A team of researchers joined University of Alberta associate professor Matt Johnson to survey 2,970 people at three different stages in their lives. They discovered that positive adolescent-parent relationships improve one's chances of having higher quality intimate relationships as adults.

But this doesn't mean that parents are completely to blame for their children's poor love lives, Johnson told The Huffington Post.

"People tend to compartmentalize their relationships; they tend not to see the connection between one kind, such as family relations, and another, like couple unions. But understanding your contribution to the relationship with your parents would be important to recognizing any tendency to replicate behavior - positive or negative -- in an intimate relationship," Johnson said.

The study further concluded that parental relationships that fostered high self-esteem equated to more successful adult romantic relationships.

"Higher parent-adolescent relations predicted higher self-esteem over the college years, which was then linked with better intimate relations as a young adult," Johnson told the Post.

However, this doesn't mean all hope is lost for those who lacked quality relationships with their parents.

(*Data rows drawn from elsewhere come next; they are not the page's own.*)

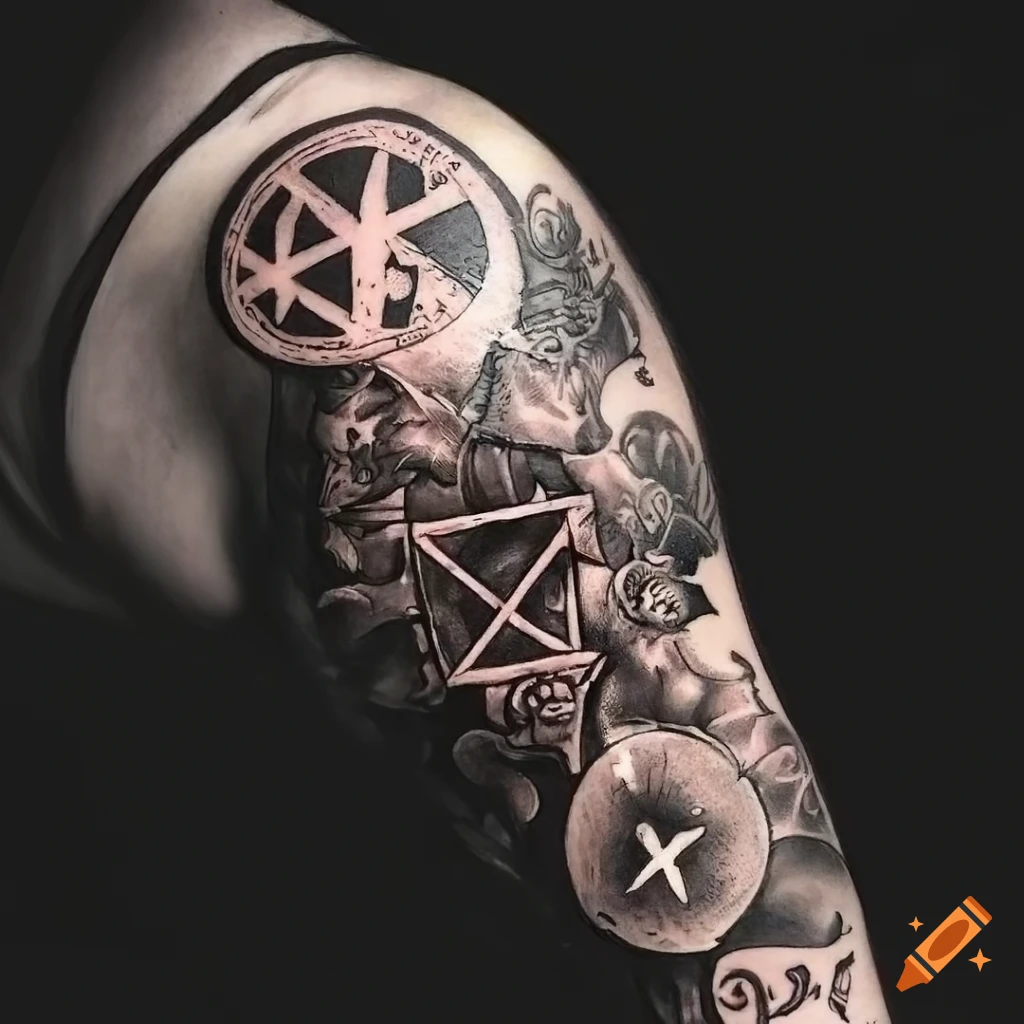 Pentacle tattoo by bLazeovsKy on DeviantArt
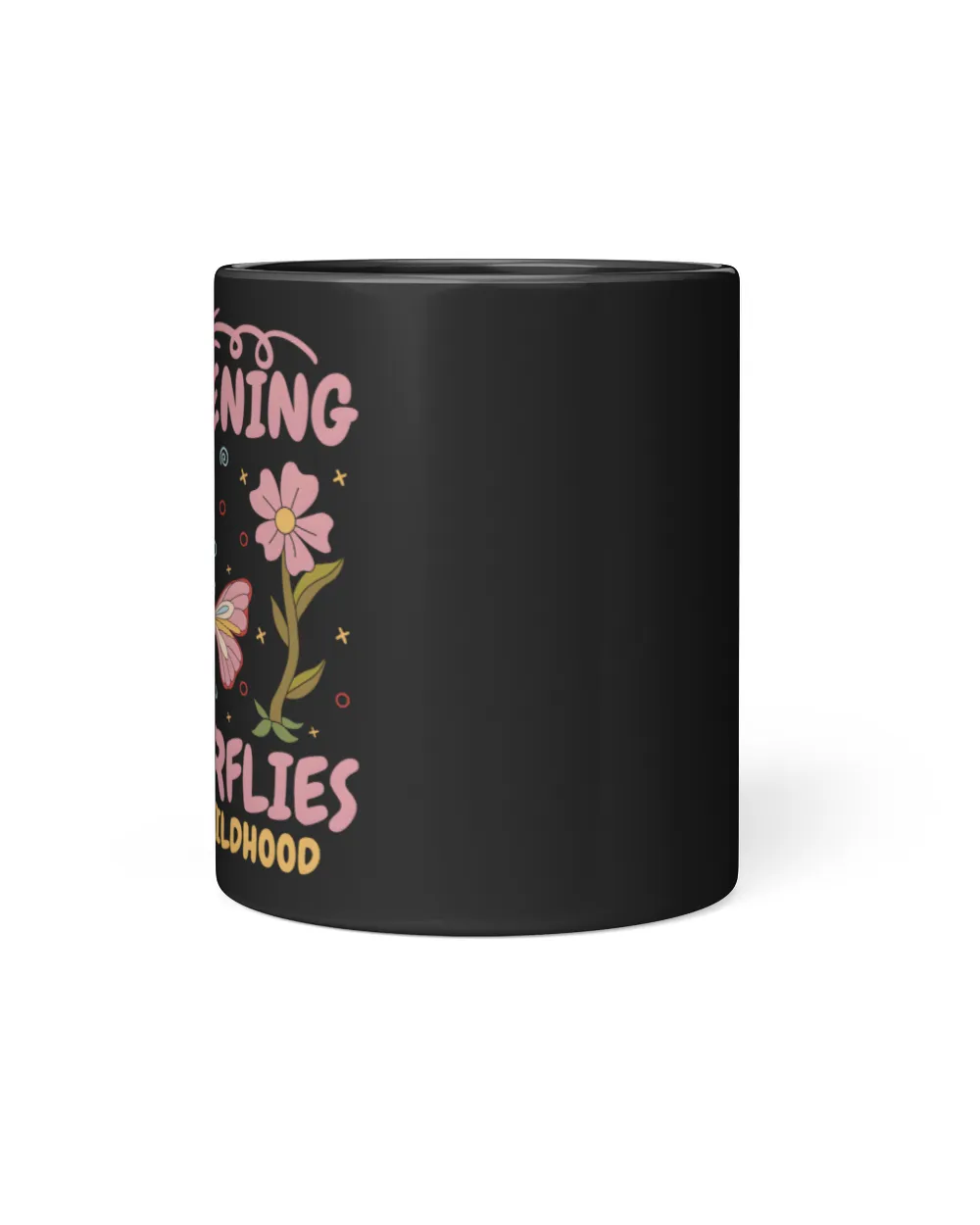 Butterfly Garden Black Mug 11oz black 11oz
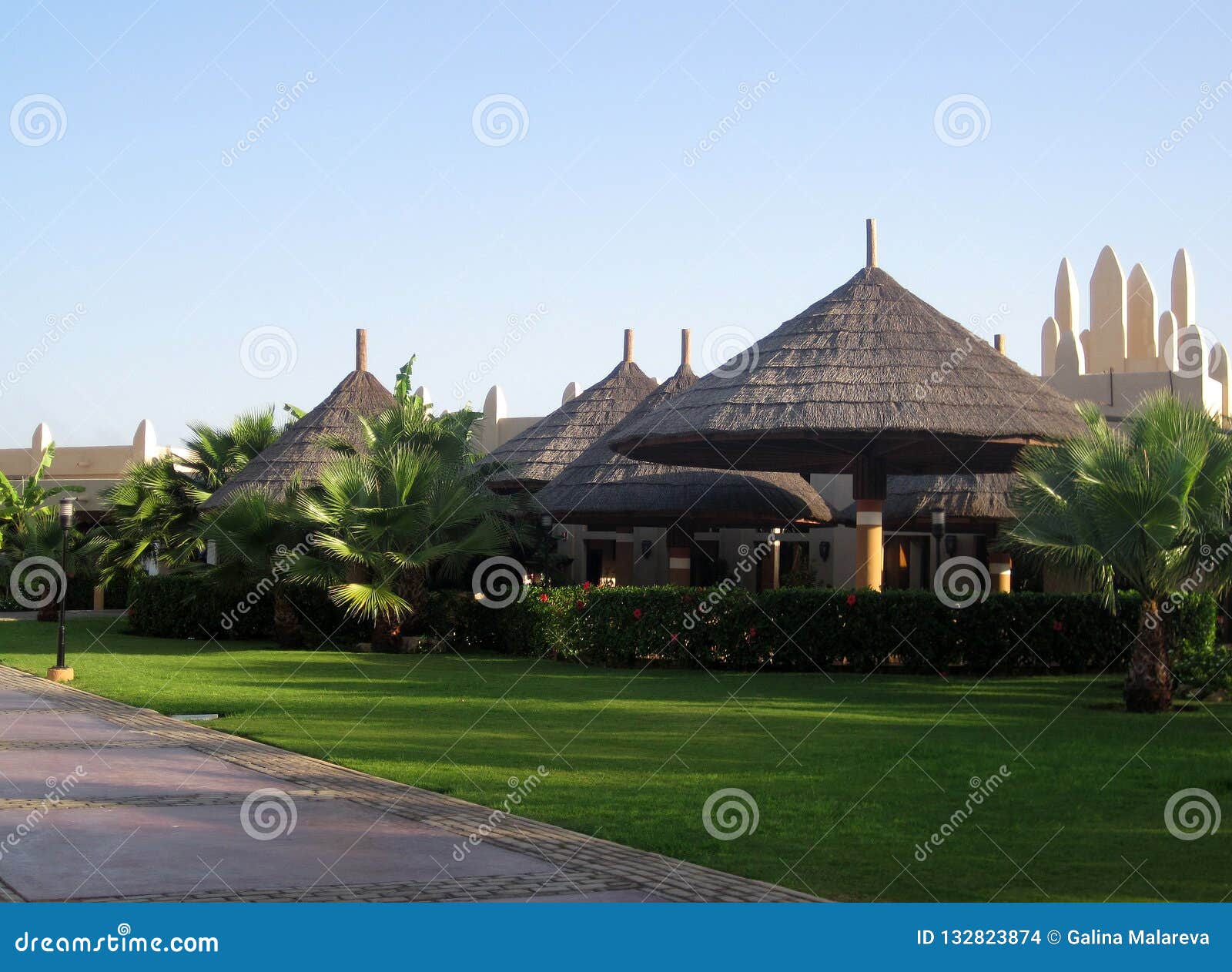 view of the hotel riu palace cabo verde, sal, boa vista.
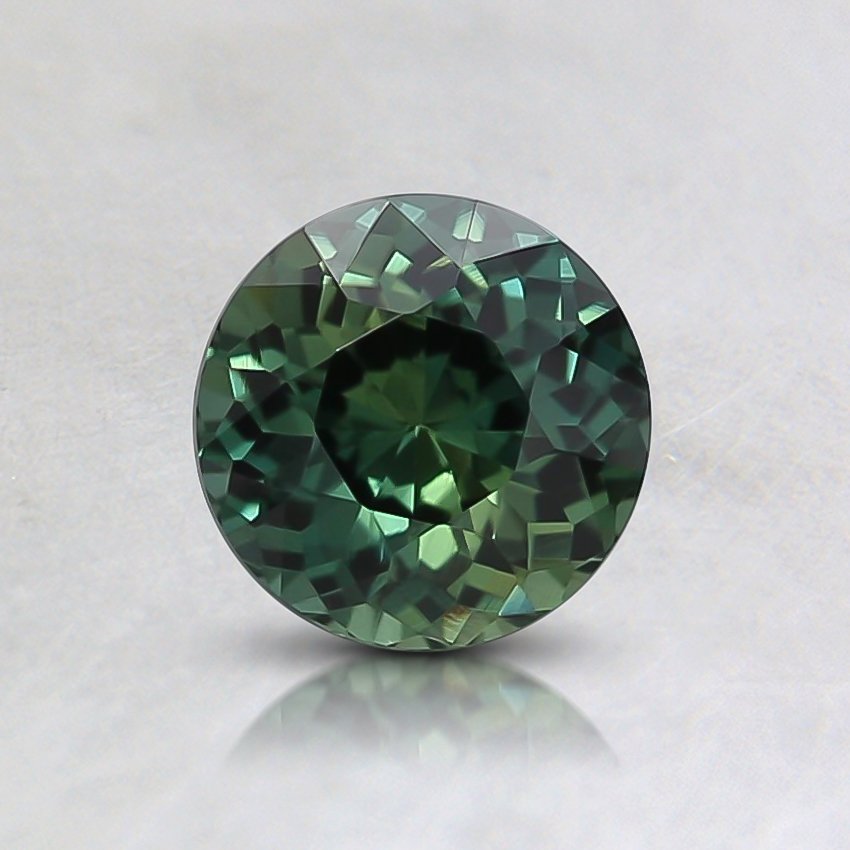 5.5mm Unheated Teal Round Sapphire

"Individuals with a particularly rocky relationship with their parents during adolescence are not destined to a poorer quality intimate relationship as young adults," the study said. "Instead, a low-quality parent-adolescent relationship is associated with slightly reduced success in an intimate relationship."

Researchers suggested individuals simply identify past negative behavior patterns and make conscious efforts not to replicate them in current and future relationships.